March 15, 2007
A. RODDICK/I. Ljubicic
An interview with:
THE MODERATOR: Questions, please.
Q. That first set was pretty good tennis. Did you think it was good tennis? It was good to watch?
ANDY RODDICK: Yeah, I thought the second set was pretty good, too, but, you know, we were both taking care of our serves pretty well. And then, you know, the breakers, we had some pretty good points in each of them. Luckily, I was able to win a couple of the longer points there in the breakers.
Q. So you've served incredibly well four matches, no break points and volleying, too especially tonight.

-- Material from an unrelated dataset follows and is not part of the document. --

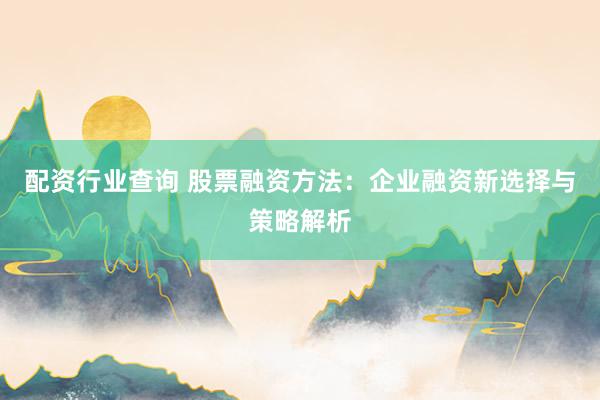 配资行业查询 股票融资方法：企业融资新选择与策略解析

ANDY RODDICK: Yeah, I mean, I don't know if you ever count on that. When you're on one of those things, you always feel like the next game could be the one where you get broken. So I think the biggest thing, I'm hitting my first forehand pretty well after my serves. I've been kind of using that shot real well, and I think that's more of the reason why, 'cause I didn't serve amazing tonight. I think I was in the fifties for my first serves in first set, didn't have many aces. I think it's that first ball I've been hitting well.
Q. Just talk more about the second set tie breakers. Four match points, but he played some pretty good points there, too.
ANDY RODDICK: Was that four?
Q. The four points he won it on, yeah?
ANDY RODDICK: You know, I had a -- you know, I had a couple pretty good looks at match points, and especially that volley. I drove it into the ground a little bit too much and he kind of -- I don't know. He had a continental grip while he was falling over the thing. I was thinking ,"Oh, no, don't" -- "Let's not do this."
But, you know, I was excited because I was playing the way I wanted to in the breakers. I kept going forward. I won some points. I lost some points. I hit a new little chip short one, that won me a couple points. I was happy with that.
You know, I thought all in all, I gave myself a chance to win and eventually was able to do it.
Q. How long have you had that chip short one?
ANDY RODDICK: I don't know. I was trying to hit it in practice, some last week, and hit some really, really bad ones. But, you know, you kind of got to throw it into the fire if you want to try to improve a little bit.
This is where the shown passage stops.